Oil and gas companies are major clients when it comes to investment and corporate banking services, enlisting banks to help them generate cash for new projects by issuing stocks or debt on the public markets. It's a lucrative division that contributes up to 20 per cent of the bank earnings.
But the recent plunge in the price of oil has dragged down energy sector spending with it, reducing the need to raise capital on the markets.
"We do expect that the advisory fees that were contributed by energy previously are going to drop to fairly close to zero," said Barclays analyst John Aiken.
James Shanahan, an analyst with Edward Jones, says investment banking generates higher profit margins than other lines of business.
It is also the segment that is likely to show the first signs of weakness due to the drastic decline in the price of oil, which has been hovering at US$50 in recent weeks — a sharp drop from last summer when it traded for about $100 a barrel.
Analysts are also concerned about the impact on the banks' loan books if oil and gas companies get into financial trouble or oilsand workers lose their jobs and begin defaulting on their mortgage payments.
But analysts do not expect credit issues to begin surfacing until late this year.
"We don't expect to see the credit implications, if any, until late in 2015, early 2016," Aiken said.
The impact of oil prices on banks' bottom lines will be among the key issues for analysts and investors as the lenders report their first-quarter results.
The Bank of Montreal will lead the group, releasing its earnings report on Tuesday. Royal Bank and National Bank will report on Wednesday, followed by TD Bank and CIBC on Thursday. Scotiabank will wrap up the earnings season on March 3.
Last quarter, Canada's five biggest banks earned a total of $7.4 billion of net income, up slightly from $7.3 billion a year ago. But they warned that a slew of headwinds — including a sluggish global economy and volatile stock markets — will make 2015 a challenging year. Since then oil has continued its precipitous decline, adding to the growing list of concerns.
Even if oilpatch companies manage to avoid bankruptcy, the layoffs and other cost-cutting will have an impact on the Alberta economy and, in turn, the banks, said Aiken.
"The first area of weakness is going to be on the consumer borrowing book — all those people in Alberta that have lost their jobs because of the headcount reductions. They are going to be the first defaults that the banks see on their loans," Aiken said.
In addition to their oil price woes, Canadian banks face several other challenges, including strained lending margins stemming from the Bank of Canada's surprise rate cut in January.
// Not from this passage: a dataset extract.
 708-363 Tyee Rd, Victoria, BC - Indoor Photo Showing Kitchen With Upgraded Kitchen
Meanwhile Canadian consumers, weighed down by record-high debt loads, are beginning to lose their appetite for borrowing.
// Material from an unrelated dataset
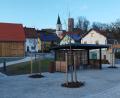 Bild: dl
Die neue Dorfmitte mit dem Dorfstadl, Buswartehäuschen, Pergola und Backofen ist eine gelungene Maßnahme der Dorferneuerung.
With their revenues under pressure, Aiken says the banks will turn to cost-cutting to achieve earnings growth. They have already been carefully managing their expenses, but Aiken says he expects them to become more aggressive.
"We do think that the bank will try to manage the bottom line by managing expenses — not necessarily by letting go employees, but also being very judicious in their project spending initiatives," he said.